Diplomatic attendance of ceremonies is a problem of public image, but corporate engagement holds additional, and much stronger, economic ramifications. The 2022 games’ diplomat-only boycott problem perpetuates the fiction that Chinese firms are alone in their responsibility and culpability in the human rights problems advocates have raised.

In both China and the United States, the major Olympic sponsors hold considerable market shares in their respective sectors, and remain politically connected to American political leaders. For many, their operations in China remain tied to the Xinjiang region and its political state of affairs, including what the State Department has described as crimes against humanity.

Coca-Cola, which holds extensive bottling investment and distribution commitments in its Chinese branches, lobbied against the Uyghur Forced Labor Prevention Act, which named one of its sugar suppliers as allegedly linked to forced labor. Sportswear giant Nike also pushed back on allegations of forced labor in its textile operations, asserting that it conducted audits on its supply chain partners for shoes and clothing.

Technology is even more closely linked to Chinese political ambitions and standards. Tesla operates storefronts in Xinjiang. Airbnb has been profiting off listings in Xinjiang to majority Han ethnic vacationers while denying lodging to Uyghurs and other minorities.  When asked about the possibility of American government pressure on business in Xinjiang, U.S. State Department spokesman Ned Price indicated no such plans were in the works. He said: “The private sector has at its fingertips—and this includes American companies—a large volume of information of the concerns that the United States has put forward, that we have put forward together with our partners and our allies. And it is up to them to make their own decisions about their practices in relation to what we have very clearly said is ongoing in Xinjiang.” In short, a government position— beyond disappointment with firms operating as sponsors or business partners to the games— has yet to emerge.
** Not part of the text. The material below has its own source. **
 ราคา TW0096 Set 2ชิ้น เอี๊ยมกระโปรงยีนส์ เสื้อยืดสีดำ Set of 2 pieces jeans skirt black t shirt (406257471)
In these types of spaces, investment leaders have talked more about decoupling from problematic Chinese policies than taken concrete actions to do so. Digital platforms such as Amazon often use the guise of U.S.-China competition to fight antitrust oversight hearings while complying with Chinese government requests to shut down negative reviews of Xi Jinping’s book. Sanctions on Chinese corporations have linked Chinese technology developers of hardware and data solutions to Xinjiang law enforcement, but the bulk of American state actions still stop short of even censuring, or limiting, activities by American firms.

Fundamentally, access to the Chinese market has become a rote excuse for businesses to avoid action. These corporations, which tout innovation and business ingenuity to financial stakeholders, boast about their unique strategic acumen while simultaneously deciding that supplying, servicing, and continuing business under surveillance is an acceptable value.

This link has been forged not simply through market interests but through the cultures of corporate work in and adjacent to surveillance technology. Researchers of the Xinjiang crisis who scrutinize the companies building its cameras, databases, and policing technology find more similarities with American technology firms than differences.

In their book Blockchain Chicken Farm, writer Xiaowei Wang visits the headquarters of facial recognition firm Megvii, which powers Xinjiang’s surveillance systems, and notes the international education and banal corporate culture of white-collar employees there: “It would have been easy to believe the company behind China’s Skynet had a Soviet-era secrecy … at least then a person, a company, a country could serve as the symbol of sinister surveillance. Instead I was met with a total indifferent openness combined with the dry, surgical threat of a nondisclosure agreement. It didn’t remind me of Silicon Valley. It was Silicon Valley.”